Exercise objective:
Using the listing below, set down exactly the lines from the one that contains "Lee Joon Gi" through the one that contains "Kem nở ngực", with no pictures.
━━━ Material provided
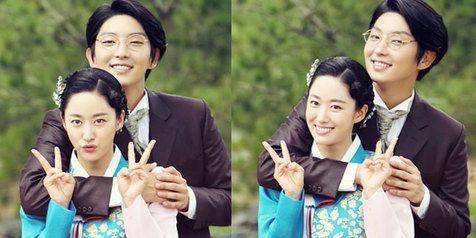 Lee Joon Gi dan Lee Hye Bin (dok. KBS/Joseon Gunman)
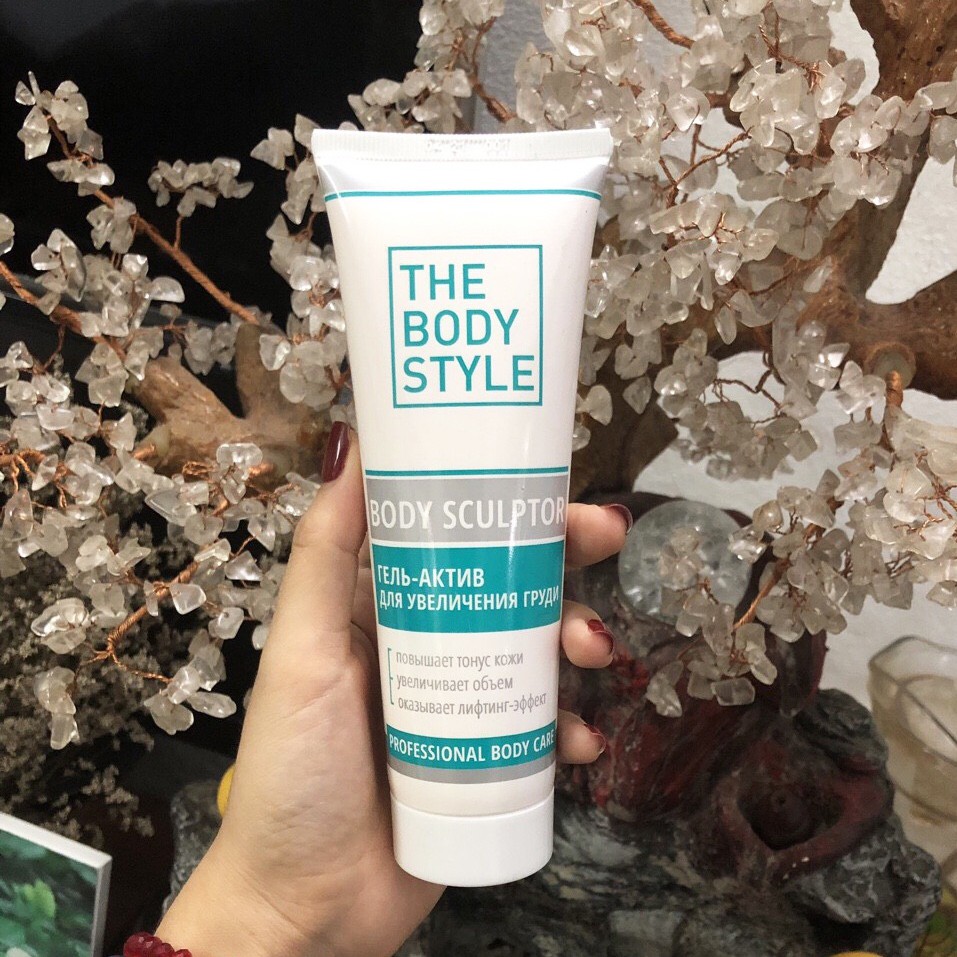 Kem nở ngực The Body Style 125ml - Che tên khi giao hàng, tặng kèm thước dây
━━━━━━
━━━ Material provided
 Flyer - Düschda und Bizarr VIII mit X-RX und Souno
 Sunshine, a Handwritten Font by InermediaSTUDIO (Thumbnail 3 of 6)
━━━━━━
Output of the exercise:
 Lee Joon Gi dan Lee Hye Bin (dok. KBS/Joseon Gunman)
 Kem nở ngực The Body Style 125ml - Che tên khi giao hàng, tặng kèm thước dây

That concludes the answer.